>> I’m not sure it was intentional.
Yea right - and I ams sure the references to ‘boxcars’ and the Brandenburg gates was all just another big coincidence.
Yea right - and I ams sure the references to ‘boxcars’ and the Brandenburg gates was all just another big coincidence.
See 22 Across. That clue's a little shady.
However, as a longtime student of visual perception, I have to say it is not a perfect swastika, because the white squares of the inner cross do not form a straight 90-degree symmetry. I, too, had to study it awhile before the swastika-like image "leapt out"; but once you see a thing amidst a visual maze, it's nearly impossible to unsee it. And everyone on this thread was "directed" to see it immediately by the headline.
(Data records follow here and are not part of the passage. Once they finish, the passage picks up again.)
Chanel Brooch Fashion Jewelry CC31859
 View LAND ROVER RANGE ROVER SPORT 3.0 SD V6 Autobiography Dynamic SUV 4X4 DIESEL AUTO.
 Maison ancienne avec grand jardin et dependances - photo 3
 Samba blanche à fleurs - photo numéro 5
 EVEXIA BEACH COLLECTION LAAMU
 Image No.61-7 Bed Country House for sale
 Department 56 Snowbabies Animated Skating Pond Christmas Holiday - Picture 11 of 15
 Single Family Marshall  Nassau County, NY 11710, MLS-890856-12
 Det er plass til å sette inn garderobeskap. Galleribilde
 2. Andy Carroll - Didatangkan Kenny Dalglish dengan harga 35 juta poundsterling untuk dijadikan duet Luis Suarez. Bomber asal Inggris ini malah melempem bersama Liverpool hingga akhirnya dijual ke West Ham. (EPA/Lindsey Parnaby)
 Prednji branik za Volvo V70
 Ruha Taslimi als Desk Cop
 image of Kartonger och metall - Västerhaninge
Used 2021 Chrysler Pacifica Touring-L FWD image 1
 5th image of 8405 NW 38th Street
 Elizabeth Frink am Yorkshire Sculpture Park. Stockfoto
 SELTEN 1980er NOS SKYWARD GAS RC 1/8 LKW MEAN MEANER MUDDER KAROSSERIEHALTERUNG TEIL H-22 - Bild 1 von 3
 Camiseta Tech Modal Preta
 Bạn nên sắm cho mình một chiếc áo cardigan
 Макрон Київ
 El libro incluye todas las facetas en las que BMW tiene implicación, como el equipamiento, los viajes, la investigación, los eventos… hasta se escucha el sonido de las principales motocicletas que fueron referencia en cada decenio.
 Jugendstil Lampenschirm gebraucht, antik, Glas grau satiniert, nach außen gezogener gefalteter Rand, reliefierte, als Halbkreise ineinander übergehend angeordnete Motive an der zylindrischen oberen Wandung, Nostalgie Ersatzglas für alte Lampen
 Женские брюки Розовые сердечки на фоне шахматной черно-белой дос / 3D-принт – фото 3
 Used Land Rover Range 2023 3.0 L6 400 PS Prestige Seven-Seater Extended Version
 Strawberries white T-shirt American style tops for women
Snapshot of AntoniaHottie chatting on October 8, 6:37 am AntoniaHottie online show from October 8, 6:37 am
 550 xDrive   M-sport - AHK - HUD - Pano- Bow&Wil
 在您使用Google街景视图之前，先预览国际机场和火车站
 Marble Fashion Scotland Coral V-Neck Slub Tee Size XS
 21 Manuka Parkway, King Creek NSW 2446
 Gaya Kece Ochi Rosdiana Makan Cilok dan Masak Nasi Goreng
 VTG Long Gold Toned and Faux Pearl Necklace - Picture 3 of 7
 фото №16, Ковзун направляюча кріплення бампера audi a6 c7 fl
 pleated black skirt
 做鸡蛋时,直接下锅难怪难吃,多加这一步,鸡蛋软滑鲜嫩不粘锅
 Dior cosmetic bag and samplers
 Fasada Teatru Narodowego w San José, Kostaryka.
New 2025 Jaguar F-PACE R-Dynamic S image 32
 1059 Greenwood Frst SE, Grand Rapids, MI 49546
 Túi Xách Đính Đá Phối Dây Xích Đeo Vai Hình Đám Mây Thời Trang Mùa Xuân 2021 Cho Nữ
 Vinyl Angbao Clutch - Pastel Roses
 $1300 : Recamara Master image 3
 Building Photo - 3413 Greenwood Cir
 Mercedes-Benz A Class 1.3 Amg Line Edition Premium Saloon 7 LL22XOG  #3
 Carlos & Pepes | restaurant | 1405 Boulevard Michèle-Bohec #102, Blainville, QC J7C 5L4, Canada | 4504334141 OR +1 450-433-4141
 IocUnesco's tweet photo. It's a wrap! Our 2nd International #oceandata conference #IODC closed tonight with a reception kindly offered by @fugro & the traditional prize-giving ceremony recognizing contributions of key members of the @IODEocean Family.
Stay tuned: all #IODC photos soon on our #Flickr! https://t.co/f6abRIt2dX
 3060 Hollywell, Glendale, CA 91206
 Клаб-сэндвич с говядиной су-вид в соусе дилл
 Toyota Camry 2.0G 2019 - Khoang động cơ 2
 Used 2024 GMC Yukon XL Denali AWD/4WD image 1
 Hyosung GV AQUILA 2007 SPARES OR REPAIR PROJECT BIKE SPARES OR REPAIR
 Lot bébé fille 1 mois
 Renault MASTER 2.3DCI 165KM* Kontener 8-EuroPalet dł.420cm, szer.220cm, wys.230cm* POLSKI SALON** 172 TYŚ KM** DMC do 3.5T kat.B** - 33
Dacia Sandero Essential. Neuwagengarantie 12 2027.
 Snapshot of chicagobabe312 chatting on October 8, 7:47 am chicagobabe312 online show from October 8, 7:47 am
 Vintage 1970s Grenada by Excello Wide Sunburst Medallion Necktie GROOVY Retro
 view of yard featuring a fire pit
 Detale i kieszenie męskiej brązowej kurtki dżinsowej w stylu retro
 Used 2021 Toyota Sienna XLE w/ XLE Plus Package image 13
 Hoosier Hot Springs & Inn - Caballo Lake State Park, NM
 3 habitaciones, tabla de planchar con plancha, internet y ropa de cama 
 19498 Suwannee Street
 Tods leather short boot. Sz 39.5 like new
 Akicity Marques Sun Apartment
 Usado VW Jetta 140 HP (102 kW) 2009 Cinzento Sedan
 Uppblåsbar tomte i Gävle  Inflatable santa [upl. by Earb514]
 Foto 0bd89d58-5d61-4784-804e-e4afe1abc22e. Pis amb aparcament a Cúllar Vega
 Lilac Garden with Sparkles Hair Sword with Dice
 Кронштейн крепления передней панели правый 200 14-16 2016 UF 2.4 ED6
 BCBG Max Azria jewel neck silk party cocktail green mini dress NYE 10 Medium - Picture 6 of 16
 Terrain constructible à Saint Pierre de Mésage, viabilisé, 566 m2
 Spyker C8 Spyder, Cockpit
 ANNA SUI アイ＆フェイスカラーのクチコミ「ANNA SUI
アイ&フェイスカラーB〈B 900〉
Puzzle templates are often recycled. Even though I grew up in a largely Jewish neighborhood and school where we got along as close friends and learned about each others' cultures, I lean towards "unintentional", or mayyyybe "unconscious." But it would be more determinative to know if, or how many times, this template has previously been used.
It may not have been the choice of either the puzzle writer or the puzzle editor to run it during a Jewish holiday; but rather a mindless decision made a week to a month ahead by a "section editor" or other millennial recent college grad from the midwest, unfamiliar with Judaism or its history.
Pretty sure we won't see this template recycled again soon, however.